State seeks settlement over care for mentally ill defendants
TACOMA – State officials are working to settle a federal court case in which Washington has racked up nearly $50 million in fines for not providing faster care to mentally ill defendants.
The details of an eventual settlement are still being negotiated but it appears the state will agree to pursue upgrades to the state’s mental health system, the News Tribune reported.
An agreement between the Department of Social and Health Services and the advocacy group Disability Rights Washington in February says the two groups believe collaborating on broad reforms to the mental health system will bring compliance with the court faster than the current status quo of “litigation of piecemeal issues.”
David Carlson, advocacy director for Disability Rights Washington, said in an interview Monday the current legal battle could lead the state to seek short-term solutions to what he described as a systemic problem. Instead, a settlement may bring bigger change, he said.

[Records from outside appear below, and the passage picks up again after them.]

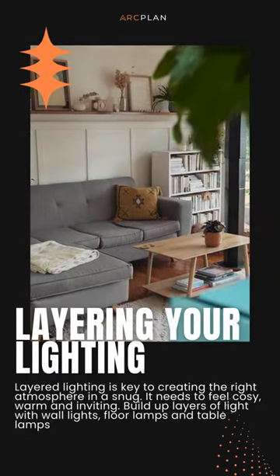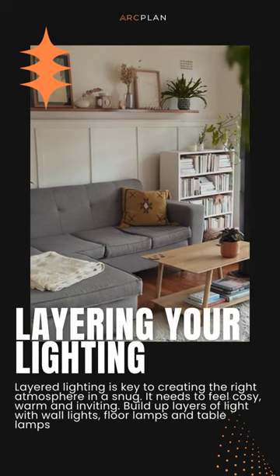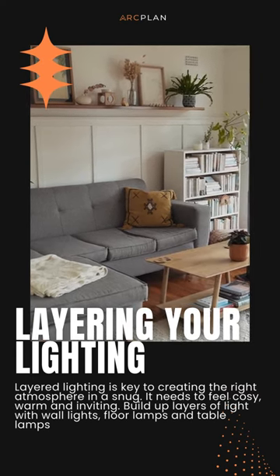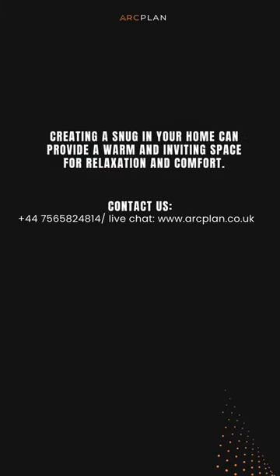Layering your lighting. Layered lighting is key to creating the right atmosphere in a snug. It needs to feel cozy, warm, and inviting. Creating a snug in your home can provide a warm and inviting space for relaxation and comfort.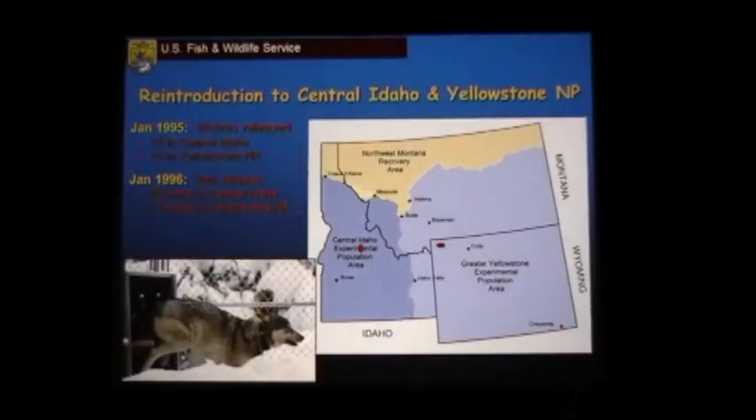After that EIS was released, they went ahead to reintroduce wolves into central Idaho and Yellowstone. It started in January of 1995 — they released 15 into central Idaho and 14 into Yellowstone National Park. These wolves were captured from Alberta in 1995 and from British Columbia in 1996 — basically as close to the reintroduction areas as they could get, since those were the nearest places where wolves still existed.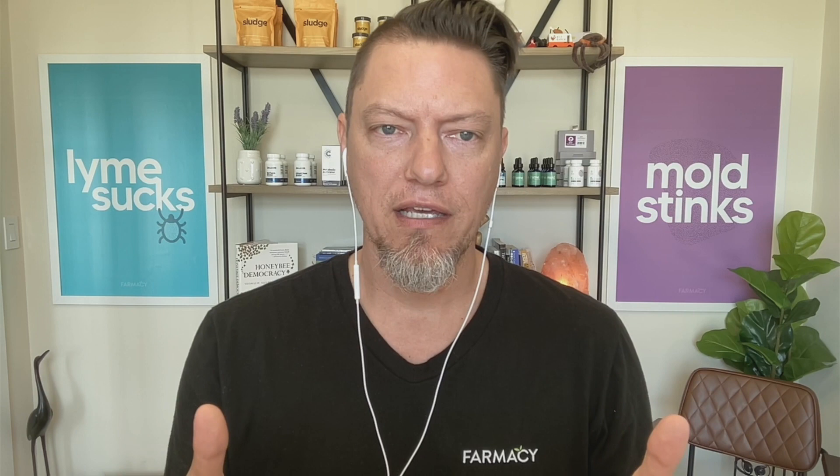I wanted to talk about the importance of understanding the severity of cross-contamination. I did a whole unit in my Mold Proof Your Home master class on cross-contamination — how to decipher what to take, what not to take, what to clean, what not to clean, what to put in storage. I don't want to talk about those specifics today.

“This is the most significant opportunity to transform our mental health system that we have had, and that I can foresee,” Carlson said.
A Democratic supplemental budget proposal released Monday includes an extra $163 million to be spent on the mental health system, including nearly $10 million to build 45 psychiatric beds at the roughly 800-bed Western State Hospital in an effort to decrease wait times for services.
A proposal in the state’s supplemental construction budget would start work toward building another 60 beds on Western State’s campus in Lakewood.